Chalk one up for Pollfish. With its rapid fire ability to poll and then aggregate millions of responses, the leading global consumer survey network was the first to isolate the “winning line” from the first presidential debate (you can read about it here).
It’s all in a day’s work for Pollfish, perfectly positioned at the intersection of two ubiquitous trends: polling and mobile communication.
From its inception, the company banked on one big idea: that data analytics are the future of marketing — whether it’s for presidential candidates or soft drinks or tennis shoes. And that the smart money would move to mobile to reach people.
Pollfish’s mobile consumer survey network — the largest in the world — reaches more than 300 million smartphone users to obtain the data that leads to actionable insights.

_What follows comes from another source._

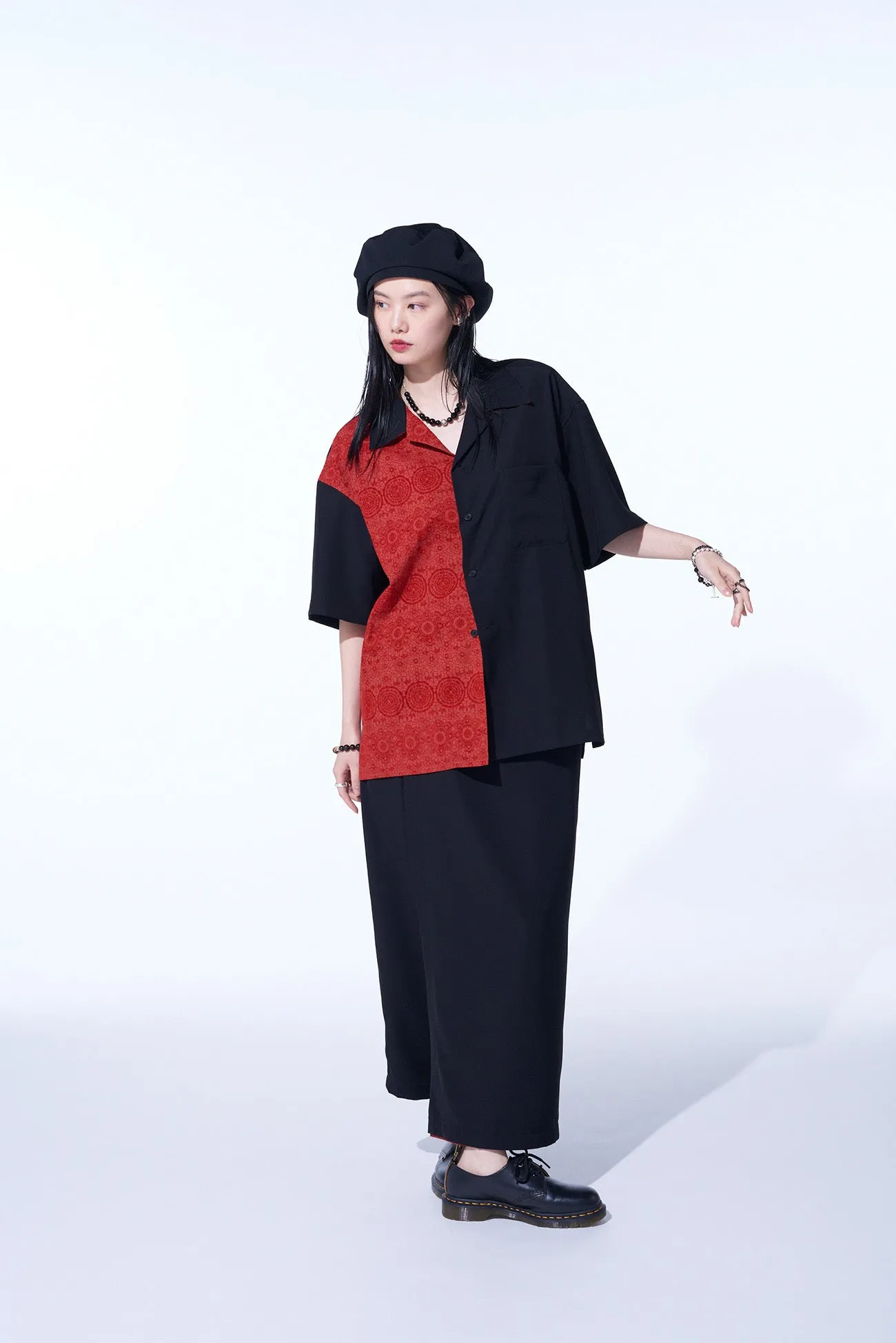 GABARDINE   MURAL LACE FADED FLOCKY LINEN CLOTH OPEN-COLLAR SHIRT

Polling is big business. Brands and organizations spend billions on it — $2 billion and growing in the U.S. alone. Because mobile phones are the primary means of communication for nearly six out of 10 Americans, today 74 percent of respondents reply to surveys on their mobile phones, according to industry data.
Three things single Pollfish out from the crowd.
For starters, early on Pollfish embraced the changing tide and created a mobile-optimized survey platform that meets consumers where they spend their time, thus creating an audience ten times the size of competitors, and growing by the hour.
Secondly, Pollfish has made it a quicker process. Surveys conducted in the morning can be used to fine-tune marketing campaigns launched in the afternoon.
Or, as Pollfish CEO John Papadakis puts it, “Successful companies will adjust to customer needs by extrapolating insights from small-sample data and applying them rapidly to larger populations. Imagine running a five-question mobile survey on a new ad campaign in the morning and then using that data to launch the right combination of images, video, and copy to the larger lookalike audience by the afternoon. This type of instant personalization is imminent.”
Then there’s the hat trick.
The third thing Pollfish has done – and its newest offering to the market — is create “Personas” that dig deeper into the personalities and behavior of the people responding to its polls. This is one of the most advanced machine learning models on the planet — which uses behavioral data and active survey responses to determine and validate user profiles.
Pollfish tracks the proclivities of mobile respondents from “bookworms” (a user that is regularly using their mobile phone to read books, news, or magazines) to “sports fans” (a user that is regularly using their mobile phone to do sports or stay fit) to “productivity boosters” (a user that is regularly using their mobile phone to boost daily productivity) — among other “personas.”
Pollfish can determine the best ways to reach them moving forward. The Personas algorithm even accounts for overlaps, since few people are defined by a single interest or habit.
Pollfish has made it possible to survey millions of respondents in real time, 24/7/365. It’s the kind of market intelligence that provides entrepreneurs, professional agencies, brand managers, and market researchers the data they need to benefit from deeper insights and therefore outpace the competition.
“Engaging your audience members — on their terms — is a crucial step for every entrepreneur, marketer, agency, or business owner,” notes Papadakis. “Mobile surveys are the best way to discover your potential customers’ opinions and perceptions, their likes and dislikes, how to better serve their needs, and get as specific as state and city level targeting — equally critical in this election year and for local market research needs.”
Polls that are mobile, fast, and fine-tuned — it’s the wave of the future. And Pollfish has designed a superb surfboard.